Twenty Years of Dining for a Cause

Benefit Dinner Established by a Grateful Patient Becomes Community Tradition

Since 1997, Hamiltons’ at First & Main on the Downtown Mall in Charlottesville, Virginia, has reserved one very meaningful dinner each year to help raise support and awareness for UVA Cancer Center.

Following her breast cancer diagnosis, successful treatments and then recovery at UVA, Hamiltons’ co-owner and Cancer Center Advisory Board Member Kate Hamilton and her husband Bill were looking for a way to give back, and realized that their new restaurant would be the perfect vehicle.

“We held a benefit day the first October after our restaurant opened and gave all of our proceeds to breast care research at UVA,” Kate says. “We happened to seat two members of the Cancer Center Board that day, who subsequently invited me to join the board. The following year, we changed the benefit day to a dinner event.”

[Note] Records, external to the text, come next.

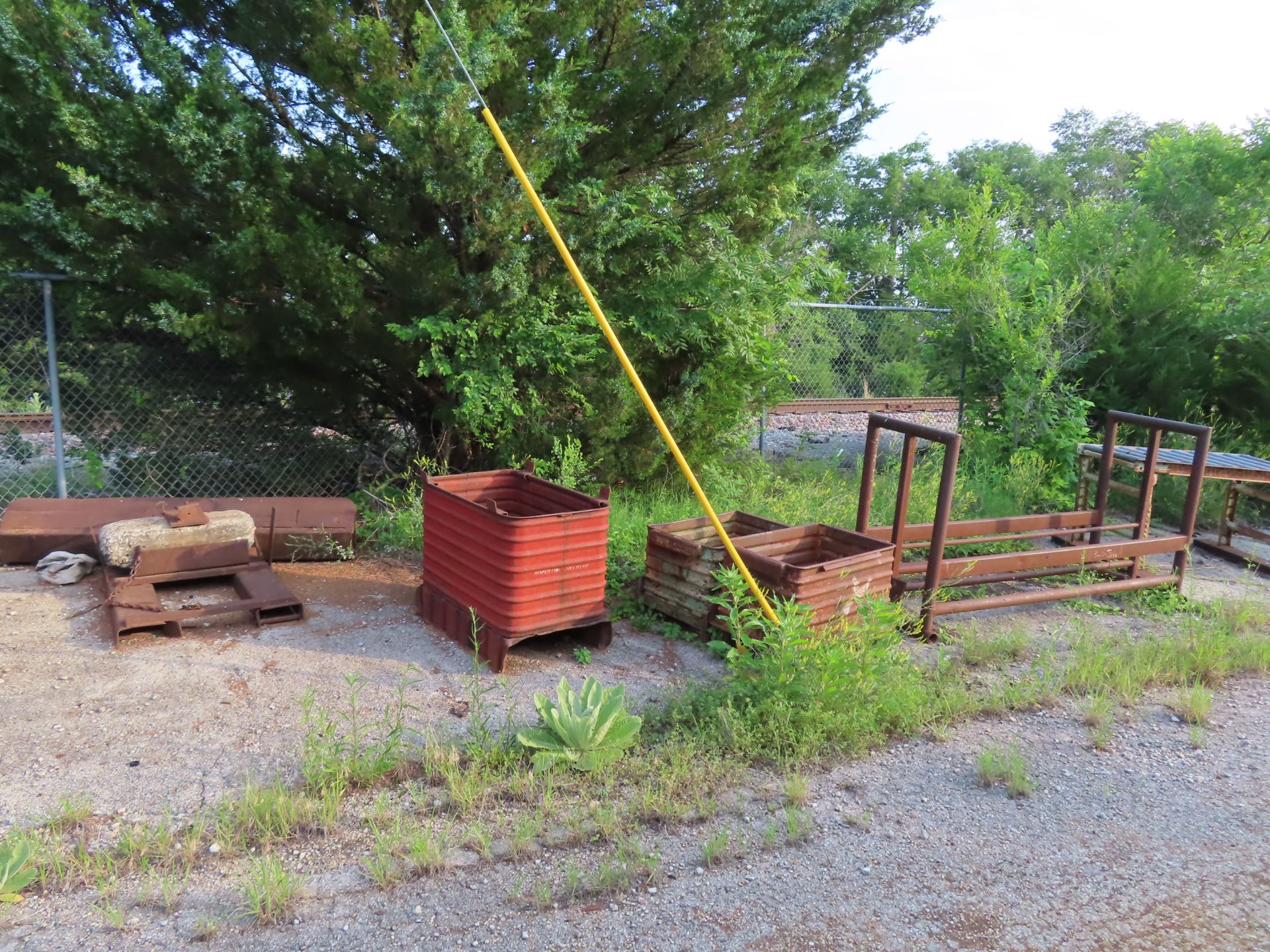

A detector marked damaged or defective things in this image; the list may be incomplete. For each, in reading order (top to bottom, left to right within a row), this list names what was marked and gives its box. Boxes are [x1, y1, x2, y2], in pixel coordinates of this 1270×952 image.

rusted metal bracket [101, 540, 304, 645]
rusty steel rack frame [102, 540, 304, 645]
rusty metal crate [419, 461, 612, 670]
rusty metal crate [640, 510, 787, 637]
rusty metal crate [731, 525, 899, 629]
rusty steel rack frame [853, 411, 1208, 642]
rusty steel rack frame [1077, 446, 1270, 578] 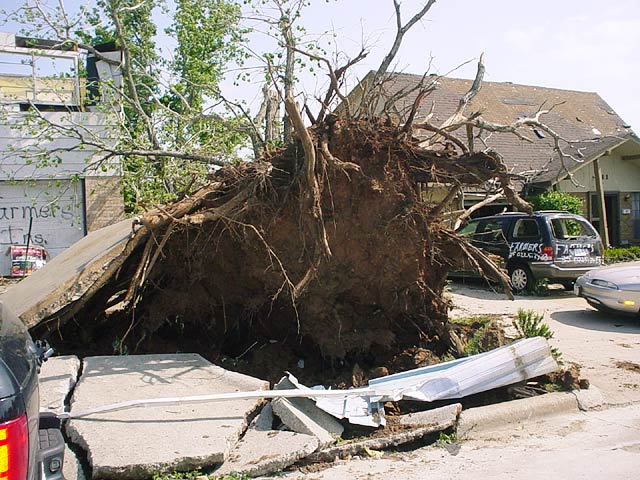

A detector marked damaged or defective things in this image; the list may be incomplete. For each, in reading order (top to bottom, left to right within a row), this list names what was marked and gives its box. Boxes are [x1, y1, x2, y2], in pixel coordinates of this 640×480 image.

broken concrete [38, 354, 80, 414]
broken concrete [67, 352, 270, 480]
broken concrete [274, 376, 344, 444]
broken concrete [398, 404, 462, 426] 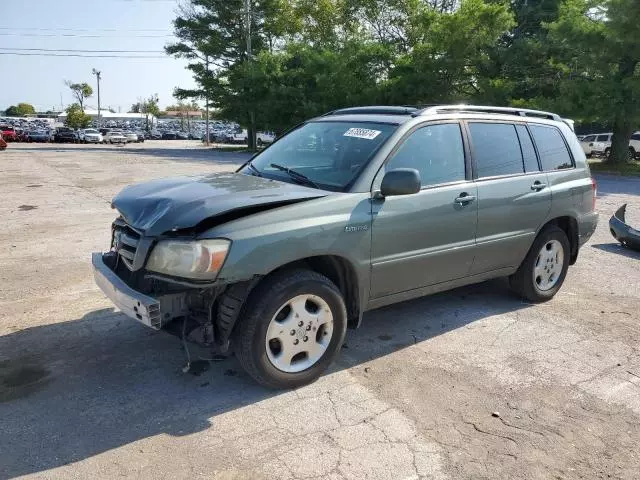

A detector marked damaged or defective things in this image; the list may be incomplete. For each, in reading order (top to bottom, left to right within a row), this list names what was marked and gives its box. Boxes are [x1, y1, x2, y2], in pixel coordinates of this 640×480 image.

damaged front bumper [91, 251, 189, 330]
torn bumper cover [92, 251, 188, 330]
exposed headlight assembly [146, 238, 231, 280]
crumpled hood [110, 172, 328, 236]
cracked pavement [0, 142, 636, 480]
torn bumper cover [608, 204, 640, 253]
damaged front bumper [608, 205, 640, 253] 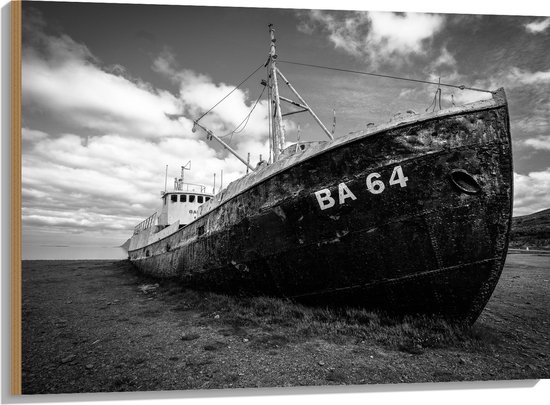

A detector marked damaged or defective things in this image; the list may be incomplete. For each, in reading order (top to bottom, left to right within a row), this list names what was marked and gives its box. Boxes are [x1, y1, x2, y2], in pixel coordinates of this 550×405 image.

corroded metal [128, 88, 512, 322]
rusty hull [128, 90, 512, 324] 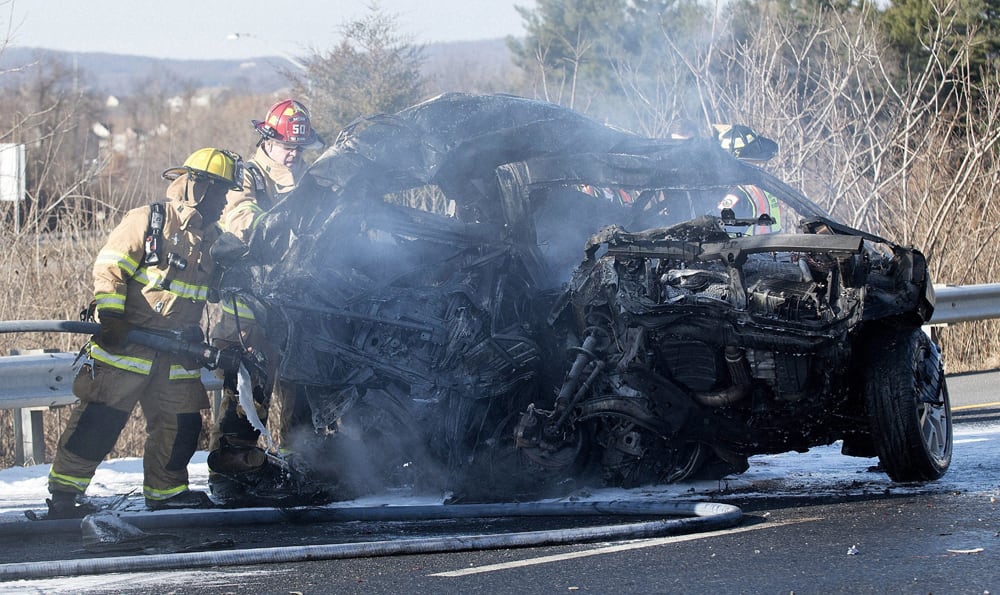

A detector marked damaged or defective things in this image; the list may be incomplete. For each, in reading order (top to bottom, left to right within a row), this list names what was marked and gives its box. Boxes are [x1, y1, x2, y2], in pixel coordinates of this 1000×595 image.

burned car [215, 92, 948, 502] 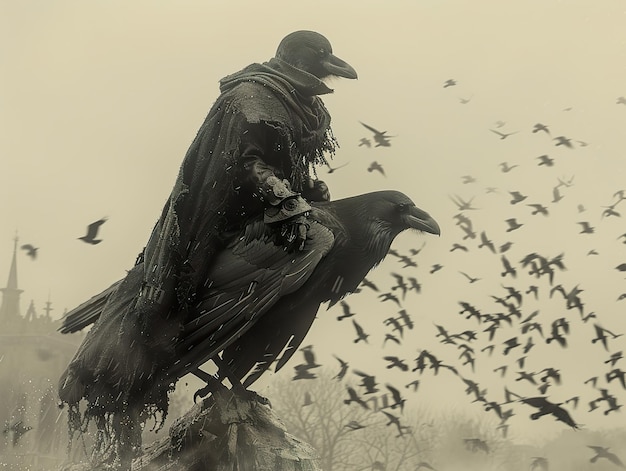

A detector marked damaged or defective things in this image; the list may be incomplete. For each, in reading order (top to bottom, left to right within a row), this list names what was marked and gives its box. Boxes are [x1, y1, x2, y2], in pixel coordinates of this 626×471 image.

tattered black cloak [58, 59, 338, 424] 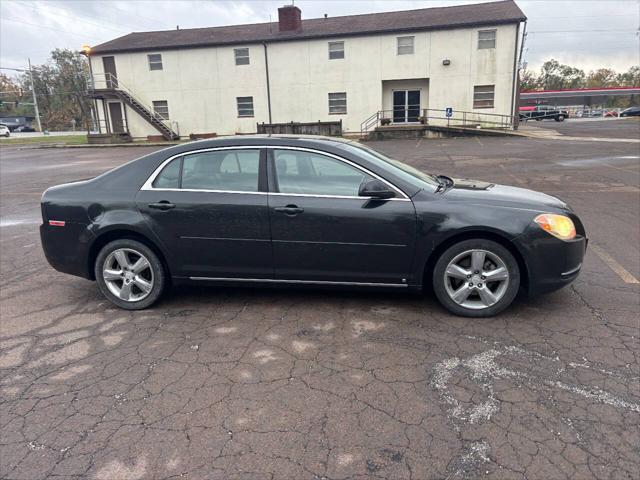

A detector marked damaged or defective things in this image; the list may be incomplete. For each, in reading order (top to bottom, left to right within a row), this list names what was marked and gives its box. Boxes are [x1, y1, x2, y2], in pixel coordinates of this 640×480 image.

cracked asphalt [1, 118, 640, 478] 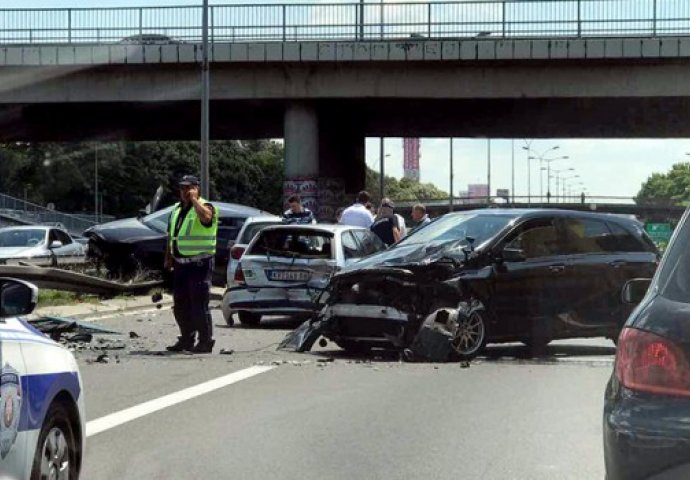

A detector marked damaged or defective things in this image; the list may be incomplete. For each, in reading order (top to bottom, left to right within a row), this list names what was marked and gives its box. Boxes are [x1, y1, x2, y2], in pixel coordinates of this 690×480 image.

wrecked black car [282, 209, 660, 360]
detached car wheel [448, 308, 486, 360]
detached car wheel [30, 402, 78, 480] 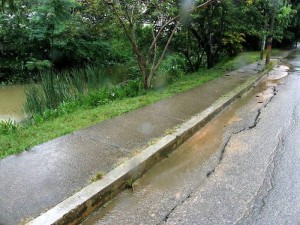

Two decades later, the dinner has raised more than $250,000 and become a community tradition. Each year has featured a different beneficiary within UVA Cancer Center. Past causes include Patient Support Services, the Infusion Center, the Emily Couric Clinical Cancer Center building, as well as research efforts in pancreatic, brain, breast, lung, and skin cancers.

“Some years it’s collaborative with UVA, a need will be identified and if it resonates that’ll be our cause,” Bill notes. “One of the things we’ve always really loved doing is supporting seed research. It feels like a great way to leverage that night and the funds raised.”

The dinner celebrated its 20-year anniversary in March with a multiple-course menu and wine pairings prepared by Hamiltons’ Chef de Cuisine Curtis Shaver. “We’re fortunate to have a great staff who want to share their time for this cause,” Kate says. “For the first several years, Bill was actually in the kitchen cooking, having planned the entire menu. There came a point when I really wanted him to come sit with me and be my date instead, and he has ever since.”

This year, the event raised almost $9,000 to benefit survivorship programs at UVA, which are managed by Christi Sheffield, supportive cares services manager, and Tracey Gosse, breast care program manager. Both gave brief remarks at the event, and UVA Cancer Center Director Tom Loughran, MD, also spoke about the state of the cancer center.

Both Kate and Bill agree that, for them, the most poignant and memorable moments are when friends, family, and community members share the personal experiences they’ve had at UVA, and why a cause is particularly meaningful and impactful for them.

“This dinner is a real highlight for us,” Bill says. “It’s really become part of our DNA at the restaurant. We look forward to what the future holds.”